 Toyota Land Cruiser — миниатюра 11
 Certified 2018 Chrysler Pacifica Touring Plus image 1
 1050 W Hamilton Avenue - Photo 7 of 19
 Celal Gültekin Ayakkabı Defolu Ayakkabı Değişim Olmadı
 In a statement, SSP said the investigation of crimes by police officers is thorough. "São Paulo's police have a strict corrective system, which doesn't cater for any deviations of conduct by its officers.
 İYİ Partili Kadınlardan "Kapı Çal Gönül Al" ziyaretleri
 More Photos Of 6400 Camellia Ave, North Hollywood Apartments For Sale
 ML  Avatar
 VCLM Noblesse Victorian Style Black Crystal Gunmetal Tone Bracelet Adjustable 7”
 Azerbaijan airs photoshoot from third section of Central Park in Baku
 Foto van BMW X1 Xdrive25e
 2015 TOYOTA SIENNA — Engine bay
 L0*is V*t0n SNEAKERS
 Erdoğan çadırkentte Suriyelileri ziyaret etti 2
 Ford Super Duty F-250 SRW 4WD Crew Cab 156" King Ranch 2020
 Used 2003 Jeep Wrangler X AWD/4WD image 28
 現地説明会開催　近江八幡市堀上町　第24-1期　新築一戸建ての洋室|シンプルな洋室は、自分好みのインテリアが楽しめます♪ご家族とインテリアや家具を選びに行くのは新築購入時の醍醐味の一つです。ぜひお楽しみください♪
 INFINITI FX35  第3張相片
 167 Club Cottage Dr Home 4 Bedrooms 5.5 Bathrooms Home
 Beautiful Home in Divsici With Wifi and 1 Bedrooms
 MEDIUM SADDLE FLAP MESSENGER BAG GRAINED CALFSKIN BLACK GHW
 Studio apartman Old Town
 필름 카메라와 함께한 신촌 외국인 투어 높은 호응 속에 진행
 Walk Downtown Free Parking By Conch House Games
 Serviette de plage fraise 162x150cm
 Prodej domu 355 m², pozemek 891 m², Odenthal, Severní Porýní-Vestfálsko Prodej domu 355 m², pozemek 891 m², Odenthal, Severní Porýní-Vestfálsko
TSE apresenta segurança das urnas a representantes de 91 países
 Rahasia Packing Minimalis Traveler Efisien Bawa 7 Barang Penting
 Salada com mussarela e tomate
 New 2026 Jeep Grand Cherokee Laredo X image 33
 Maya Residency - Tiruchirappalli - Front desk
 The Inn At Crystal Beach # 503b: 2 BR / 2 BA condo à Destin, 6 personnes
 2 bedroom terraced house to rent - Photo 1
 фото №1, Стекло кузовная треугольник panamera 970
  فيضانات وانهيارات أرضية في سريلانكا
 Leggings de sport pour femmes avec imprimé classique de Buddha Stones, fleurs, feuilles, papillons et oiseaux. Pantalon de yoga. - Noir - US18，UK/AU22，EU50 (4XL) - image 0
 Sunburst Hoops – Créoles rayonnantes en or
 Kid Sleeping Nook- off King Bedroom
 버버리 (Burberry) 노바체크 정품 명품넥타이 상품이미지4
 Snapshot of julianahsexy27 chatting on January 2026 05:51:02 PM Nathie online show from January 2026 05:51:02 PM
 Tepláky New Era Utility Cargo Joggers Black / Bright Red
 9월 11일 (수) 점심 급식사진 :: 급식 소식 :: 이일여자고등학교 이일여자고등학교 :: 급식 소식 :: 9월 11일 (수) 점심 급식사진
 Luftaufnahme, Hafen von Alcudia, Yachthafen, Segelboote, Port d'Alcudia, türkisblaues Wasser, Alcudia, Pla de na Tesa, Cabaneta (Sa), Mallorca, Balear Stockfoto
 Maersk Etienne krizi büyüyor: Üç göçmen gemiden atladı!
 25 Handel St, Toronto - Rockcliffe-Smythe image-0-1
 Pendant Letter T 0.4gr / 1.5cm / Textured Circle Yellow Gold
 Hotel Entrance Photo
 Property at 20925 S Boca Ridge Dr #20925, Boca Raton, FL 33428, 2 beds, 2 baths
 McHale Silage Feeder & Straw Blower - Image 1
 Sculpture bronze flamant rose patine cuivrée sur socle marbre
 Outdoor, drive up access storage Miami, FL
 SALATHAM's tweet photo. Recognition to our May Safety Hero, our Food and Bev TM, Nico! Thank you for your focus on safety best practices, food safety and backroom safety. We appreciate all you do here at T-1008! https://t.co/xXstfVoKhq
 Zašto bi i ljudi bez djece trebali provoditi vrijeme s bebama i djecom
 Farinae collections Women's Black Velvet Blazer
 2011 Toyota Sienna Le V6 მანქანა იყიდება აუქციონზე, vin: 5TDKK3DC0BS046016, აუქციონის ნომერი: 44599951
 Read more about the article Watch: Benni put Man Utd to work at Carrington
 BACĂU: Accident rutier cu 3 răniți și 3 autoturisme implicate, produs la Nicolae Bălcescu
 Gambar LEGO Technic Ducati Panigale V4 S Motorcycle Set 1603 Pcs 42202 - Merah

—————

PROBLEM REQUIREMENTS => Starting with the line that contains "Sculpture bronze flamant", write out each line through the end of the listing, exactly as it appears, and include nothing else.

EXERCISE SOLUTION =>
 Sculpture bronze flamant rose patine cuivrée sur socle marbre
 Outdoor, drive up access storage Miami, FL
 SALATHAM's tweet photo. Recognition to our May Safety Hero, our Food and Bev TM, Nico! Thank you for your focus on safety best practices, food safety and backroom safety. We appreciate all you do here at T-1008! https://t.co/xXstfVoKhq
 Zašto bi i ljudi bez djece trebali provoditi vrijeme s bebama i djecom
 Farinae collections Women's Black Velvet Blazer
 2011 Toyota Sienna Le V6 მანქანა იყიდება აუქციონზე, vin: 5TDKK3DC0BS046016, აუქციონის ნომერი: 44599951
 Read more about the article Watch: Benni put Man Utd to work at Carrington
 BACĂU: Accident rutier cu 3 răniți și 3 autoturisme implicate, produs la Nicolae Bălcescu
 Gambar LEGO Technic Ducati Panigale V4 S Motorcycle Set 1603 Pcs 42202 - Merah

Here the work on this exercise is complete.